→ **REQUIRED ACTION**: A faithful copy of the data below is required, leaving out every picture.

→ **DATA BELOW**:
------------------------------------------------------------

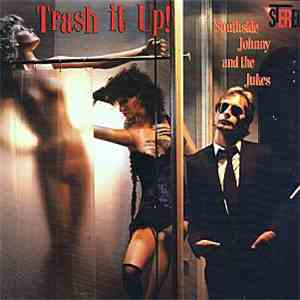 Southside Johnny And The Jukes - Trash It Up!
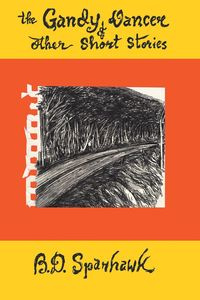 The Gandy Dancer and Other Short Stories - Sparhawk B. D.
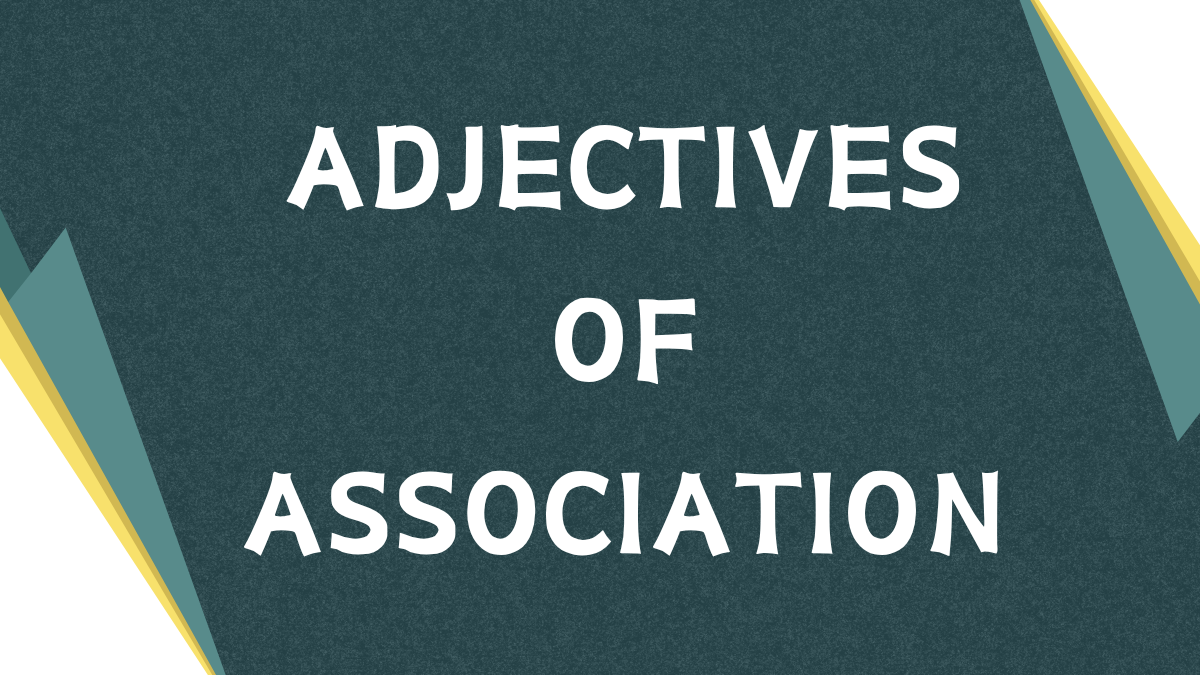 Descriptive Adjectives: Mastering Association in English Grammar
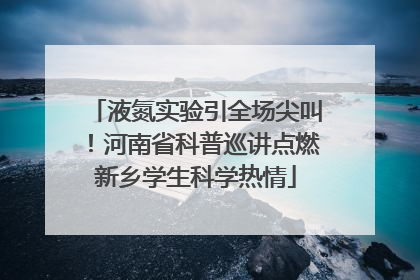 液氮实验引全场尖叫！河南省科普巡讲点燃新乡学生科学热情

------------------------------------------------------------

→ **RESPONSE BELOW**:
 Southside Johnny And The Jukes - Trash It Up!
 The Gandy Dancer and Other Short Stories - Sparhawk B. D.
 Descriptive Adjectives: Mastering Association in English Grammar
 液氮实验引全场尖叫！河南省科普巡讲点燃新乡学生科学热情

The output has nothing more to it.